EPAs are controversial because they force poorer countries to slash tariffs on imports from Europe – by up to 80 per cent over time. But they also provide Global South exporters with access to key markets, like Britain.

Botswana, which is in an EPA, exports the majority of its goods to Britain. In East Africa, Britain accounts for 17 per cent of exports to the EU, a figure which rises to over 35 per cent for two of Kenya’s most important agricultural sectors – edible vegetables, plants and flowers.

In the case of the islands of Saint Lucia in the Carribean and Tuvalu in the Pacific, the UK accounts for over 70 per cent of their exports to the EU.

The East African bloc has finished negotiating an EPA with the EU, despite domestic opposition and discord within the bloc: Tanzania is opposed to the deal – even taking the issue to the East African Court of Justice in an unsuccessful attempt to prevent other countries signing – while Kenya has already ratified the deal.

Some are now suggesting that Brexit makes an even stronger case for rejecting the deal. ‘The EPA is a free trade agreement between unequal partners and [threatens] food security and employment,’ says Africa Kiiza, programme officer at the SEATINI trade institute in Uganda. ‘Brexit means the market [our goods can reach] has dwindled, and we need to reassess.’

Kiiza also says that the EU’s pursuit of the new trade deal has harmed regional integration efforts. At one point Kenya threatened to go it alone and join the deal without the rest of the region if no agreement could be reached.

Falling foul of WTO rules

The Everything But Arms agreement, the predecessor to the EPA deals, made all exports except armaments from African, Carribean and Pacific (ACP) countries to the EU tariff-free. However, unlike the newer trade deals, it did not force these countries to liberalize imports in return.

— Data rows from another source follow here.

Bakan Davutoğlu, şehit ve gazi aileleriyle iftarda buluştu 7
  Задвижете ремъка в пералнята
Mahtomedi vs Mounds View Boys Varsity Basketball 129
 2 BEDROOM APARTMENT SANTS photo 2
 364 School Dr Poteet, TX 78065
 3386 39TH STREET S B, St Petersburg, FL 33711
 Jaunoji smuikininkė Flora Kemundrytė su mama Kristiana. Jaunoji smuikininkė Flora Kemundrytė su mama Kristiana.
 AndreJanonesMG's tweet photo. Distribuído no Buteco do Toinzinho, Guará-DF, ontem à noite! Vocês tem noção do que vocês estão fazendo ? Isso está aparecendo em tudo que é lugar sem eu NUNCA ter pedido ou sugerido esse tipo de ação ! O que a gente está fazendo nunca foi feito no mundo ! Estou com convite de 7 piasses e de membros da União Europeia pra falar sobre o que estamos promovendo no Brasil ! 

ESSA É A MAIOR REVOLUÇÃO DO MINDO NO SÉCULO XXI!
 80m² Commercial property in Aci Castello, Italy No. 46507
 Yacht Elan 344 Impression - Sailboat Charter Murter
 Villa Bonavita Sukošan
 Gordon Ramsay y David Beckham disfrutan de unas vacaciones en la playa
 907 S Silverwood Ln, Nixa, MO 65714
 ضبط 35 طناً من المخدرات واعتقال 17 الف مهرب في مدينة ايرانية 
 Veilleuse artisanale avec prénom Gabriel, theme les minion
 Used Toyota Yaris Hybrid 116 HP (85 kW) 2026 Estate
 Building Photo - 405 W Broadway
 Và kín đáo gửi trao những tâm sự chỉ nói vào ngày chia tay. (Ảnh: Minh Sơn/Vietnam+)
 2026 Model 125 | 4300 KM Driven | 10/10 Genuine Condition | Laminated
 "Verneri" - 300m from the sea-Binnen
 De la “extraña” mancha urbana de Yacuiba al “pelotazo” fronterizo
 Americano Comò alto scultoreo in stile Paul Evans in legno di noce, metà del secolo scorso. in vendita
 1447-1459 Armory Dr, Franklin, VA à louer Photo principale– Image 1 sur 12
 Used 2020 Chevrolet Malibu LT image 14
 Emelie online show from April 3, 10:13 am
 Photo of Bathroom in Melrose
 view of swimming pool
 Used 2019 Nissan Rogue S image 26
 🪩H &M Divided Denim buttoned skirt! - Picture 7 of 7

This was criticized by other World Trade Organization members – according to its rules, trade deals are generally expected to be reciprocal. The EPA deals are an attempt to resolve this, but some countries and campaigners have argued that other options could have been pursued – such as a WTO waiver for developing country regions.

Instead, after over a decade of negotiating, the EU set an October 2014 deadline for the new deals, threatening to remove trade privileges for countries that did not sign in time.

Regardless of whether countries sign the EPA deals, replacing current trade arrangements after Brexit will be difficult and time-consuming, due to complex World Trade Organization rules and overlapping regional trade blocs.

A spokesperson for the Department for International Trade said, ‘As we leave the EU, we will secure existing duty-free access for the world’s poorest countries to UK markets… around 48 least developed countries across the globe will continue to benefit from duty-free exports into the UK’.

However, the promise to maintain market access for ‘Least Developed Countries’ excludes countries like Kenya. The department says proposals in the recent Trade White Paper include maintaining EPA agreements, including the mandate for the gradual opening of ACP markets.

‘Avoiding a negative impact [on less developed countries] depends on the UK government taking action sooner rather than later to make sure poor producers of agricultural exports from African countries don’t face new tariffs’, says the University of York’s Peg Murray-Evans.

‘The UK should also acknowledge that rolling over existing EU arrangements with these countries may not be straightforward, and that while doing so would preserve existing levels of market access it would also perpetuate the various shortcomings of the EU’s development-related trade regime.’